Dad of newborn admitted to intensive care wants more action to curb respiratory infections in Manitoba

Dad of newborn admitted to intensive care wants more action to curb respiratory infections in Manitoba

A Winnipeg father whose seven-week-old son recently spent four days in the hospital battling respiratory syncytial virus (RSV) says the province and some parents don’t seem to realize the seriousness of the situation.

The Children’s Hospital of the Center for Health Sciences saw a surge in registrations over the weekendbringing the total number of critically ill infants in the pediatric intensive care unit to 21 – more than double the pre-pandemic capacity of nine.

One of them was the son of Stéphane Lenoski.

“You hear what’s on the news and you come out there and say it’s real. Nobody invents that,” said Lenoski.

“The waiting room is completely full and all you hear is coughing, screaming, crying and people wanting to be seen,” he said.

The increase has led to Postponement of non-urgent pediatric surgeries.

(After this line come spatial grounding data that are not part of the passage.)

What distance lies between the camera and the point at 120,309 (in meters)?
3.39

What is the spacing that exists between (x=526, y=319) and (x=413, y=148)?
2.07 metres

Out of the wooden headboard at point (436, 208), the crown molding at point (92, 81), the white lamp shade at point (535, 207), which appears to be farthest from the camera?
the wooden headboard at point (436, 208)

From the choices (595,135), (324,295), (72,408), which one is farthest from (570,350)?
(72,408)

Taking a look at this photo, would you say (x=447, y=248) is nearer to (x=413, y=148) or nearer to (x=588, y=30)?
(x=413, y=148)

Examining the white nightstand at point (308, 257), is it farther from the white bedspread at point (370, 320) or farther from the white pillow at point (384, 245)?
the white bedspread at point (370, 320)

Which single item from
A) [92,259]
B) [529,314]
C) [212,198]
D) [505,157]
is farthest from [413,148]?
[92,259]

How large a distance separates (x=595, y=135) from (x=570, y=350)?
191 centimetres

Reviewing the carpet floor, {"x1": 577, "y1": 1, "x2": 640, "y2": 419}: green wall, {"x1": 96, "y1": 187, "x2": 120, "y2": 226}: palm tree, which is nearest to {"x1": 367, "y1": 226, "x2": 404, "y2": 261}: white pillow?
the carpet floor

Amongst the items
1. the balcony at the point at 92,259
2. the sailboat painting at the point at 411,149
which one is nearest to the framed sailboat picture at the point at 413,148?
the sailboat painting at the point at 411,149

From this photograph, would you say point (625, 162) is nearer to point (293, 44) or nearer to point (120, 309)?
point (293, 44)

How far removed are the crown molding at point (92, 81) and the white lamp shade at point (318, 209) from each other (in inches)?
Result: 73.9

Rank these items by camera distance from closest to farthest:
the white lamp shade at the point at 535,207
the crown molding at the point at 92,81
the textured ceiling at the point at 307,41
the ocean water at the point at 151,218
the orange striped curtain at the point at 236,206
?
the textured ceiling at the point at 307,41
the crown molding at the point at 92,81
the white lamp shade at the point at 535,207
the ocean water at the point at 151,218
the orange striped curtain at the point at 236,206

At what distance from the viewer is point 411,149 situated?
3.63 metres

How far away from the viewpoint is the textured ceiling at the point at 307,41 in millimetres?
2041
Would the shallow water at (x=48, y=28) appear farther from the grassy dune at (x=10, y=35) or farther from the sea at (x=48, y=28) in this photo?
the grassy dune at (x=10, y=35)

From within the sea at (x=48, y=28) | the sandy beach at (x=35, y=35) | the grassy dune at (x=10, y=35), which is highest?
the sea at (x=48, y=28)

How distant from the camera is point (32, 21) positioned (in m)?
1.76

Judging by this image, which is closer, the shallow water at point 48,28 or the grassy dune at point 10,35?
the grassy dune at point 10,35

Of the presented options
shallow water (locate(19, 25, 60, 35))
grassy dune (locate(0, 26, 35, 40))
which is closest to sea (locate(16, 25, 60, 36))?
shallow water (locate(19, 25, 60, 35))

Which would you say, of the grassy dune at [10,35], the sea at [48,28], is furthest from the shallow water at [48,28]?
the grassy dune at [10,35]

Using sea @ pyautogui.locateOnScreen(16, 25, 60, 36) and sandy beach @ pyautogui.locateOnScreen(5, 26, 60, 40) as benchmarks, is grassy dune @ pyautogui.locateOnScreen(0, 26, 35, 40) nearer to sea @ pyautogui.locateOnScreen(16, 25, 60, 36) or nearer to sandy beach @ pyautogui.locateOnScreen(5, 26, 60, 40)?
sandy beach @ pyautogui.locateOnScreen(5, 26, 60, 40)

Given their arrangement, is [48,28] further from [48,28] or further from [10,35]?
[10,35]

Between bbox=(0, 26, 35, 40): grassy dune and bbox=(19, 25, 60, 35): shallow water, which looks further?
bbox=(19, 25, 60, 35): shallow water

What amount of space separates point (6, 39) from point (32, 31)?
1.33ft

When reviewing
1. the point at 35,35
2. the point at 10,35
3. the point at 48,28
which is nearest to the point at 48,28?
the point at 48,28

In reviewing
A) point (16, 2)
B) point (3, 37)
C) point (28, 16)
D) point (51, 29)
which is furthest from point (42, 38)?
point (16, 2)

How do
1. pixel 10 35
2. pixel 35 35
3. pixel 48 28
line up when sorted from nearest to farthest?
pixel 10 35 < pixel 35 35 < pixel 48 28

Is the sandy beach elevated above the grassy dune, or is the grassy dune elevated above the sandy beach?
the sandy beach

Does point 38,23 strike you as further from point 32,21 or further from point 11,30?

A spokesman for Shared Health said in an email on Friday that the total number of critically ill pediatric patients at HSC Children’s Hospital is 18.

Everyone must be on board

Lenoski said when his son was born, he and his wife Jocelyn split care of the baby and their two-year-old to protect the child from the infection.

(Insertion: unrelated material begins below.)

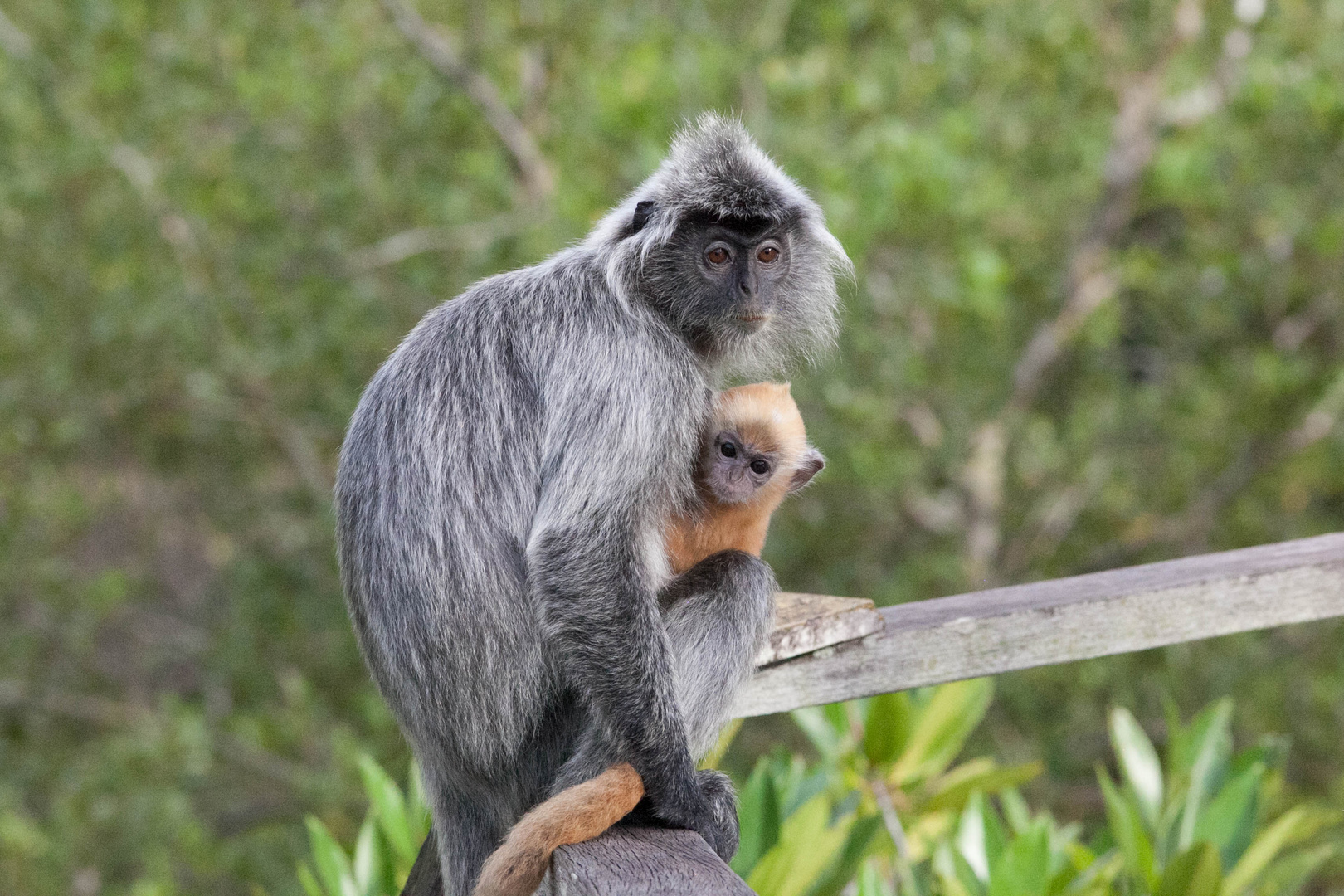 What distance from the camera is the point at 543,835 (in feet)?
5.81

He said his toddler got sick in kindergarten and that’s how the baby got the virus.

“We did everything we could, washed our hands, stayed away from our toddler, and tried not to kiss the baby — he still got it,” Lenoski said.

Lenoski’s son is back home and recovering now, but he said his experience shows other parents also need to be on board in protecting the children.

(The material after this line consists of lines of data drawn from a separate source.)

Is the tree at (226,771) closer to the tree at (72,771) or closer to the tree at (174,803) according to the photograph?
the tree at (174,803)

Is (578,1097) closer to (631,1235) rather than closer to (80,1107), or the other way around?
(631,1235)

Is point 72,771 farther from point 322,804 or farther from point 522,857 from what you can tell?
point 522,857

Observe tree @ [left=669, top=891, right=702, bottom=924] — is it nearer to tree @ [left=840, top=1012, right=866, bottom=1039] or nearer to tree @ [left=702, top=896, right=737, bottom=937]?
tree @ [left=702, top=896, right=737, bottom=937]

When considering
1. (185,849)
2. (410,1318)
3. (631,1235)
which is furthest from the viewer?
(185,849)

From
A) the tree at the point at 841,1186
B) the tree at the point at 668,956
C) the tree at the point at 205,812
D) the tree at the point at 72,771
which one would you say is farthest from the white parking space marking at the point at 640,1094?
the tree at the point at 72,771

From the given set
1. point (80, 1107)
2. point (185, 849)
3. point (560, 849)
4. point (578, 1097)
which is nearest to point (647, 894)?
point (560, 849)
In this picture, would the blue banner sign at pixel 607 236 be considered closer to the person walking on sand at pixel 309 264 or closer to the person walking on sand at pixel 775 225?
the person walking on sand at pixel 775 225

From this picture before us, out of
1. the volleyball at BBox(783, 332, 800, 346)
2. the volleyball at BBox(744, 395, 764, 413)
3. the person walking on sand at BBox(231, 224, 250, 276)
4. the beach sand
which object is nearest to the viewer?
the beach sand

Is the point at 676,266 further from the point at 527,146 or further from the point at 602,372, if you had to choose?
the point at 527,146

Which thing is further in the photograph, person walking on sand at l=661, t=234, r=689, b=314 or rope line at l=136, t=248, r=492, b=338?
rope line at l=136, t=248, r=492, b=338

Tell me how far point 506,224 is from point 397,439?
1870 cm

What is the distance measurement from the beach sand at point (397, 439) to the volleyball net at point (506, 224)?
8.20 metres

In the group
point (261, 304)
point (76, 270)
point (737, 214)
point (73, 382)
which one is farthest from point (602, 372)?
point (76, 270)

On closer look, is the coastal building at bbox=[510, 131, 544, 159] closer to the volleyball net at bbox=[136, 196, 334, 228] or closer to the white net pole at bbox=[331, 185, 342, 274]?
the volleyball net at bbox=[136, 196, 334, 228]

“That’s not to blame anyone, it’s just to say if your child is sick don’t bring them to daycare because that has a trick effect of infecting 10 kids in daycare, infecting the babies at home and it just explodes,” he said.

Lenoski also questioned why public health authorities have not taken similar public health measures as during the pandemic, such as: B. Mask requirements for children in school and an early Christmas break for students.

“I understand people are tired and going through COVID, but … what’s happening to our kids right now isn’t right. It’s not what Canadians are about,” he said.

What Parents Can Do

dr Elisabete Doyle, the chief of pediatric medicine at HSC Children’s Hospital, said while the situation is dire, “we are in a different space right now” than during the pandemic, when all-out public health restrictions were required.

dr Elisabete Doyle, the medical director of Children’s Hospital at the Health Sciences Center Winnipeg. (Jaison Empson/CBC)

“It’s over the top this year and it’s happening faster … but it’s something we see every year,” Doyle said.

“The best advice really is to take public health action wisely and, rather than shutting things down, emphasizing to parents and families to consciously protect themselves and their families.”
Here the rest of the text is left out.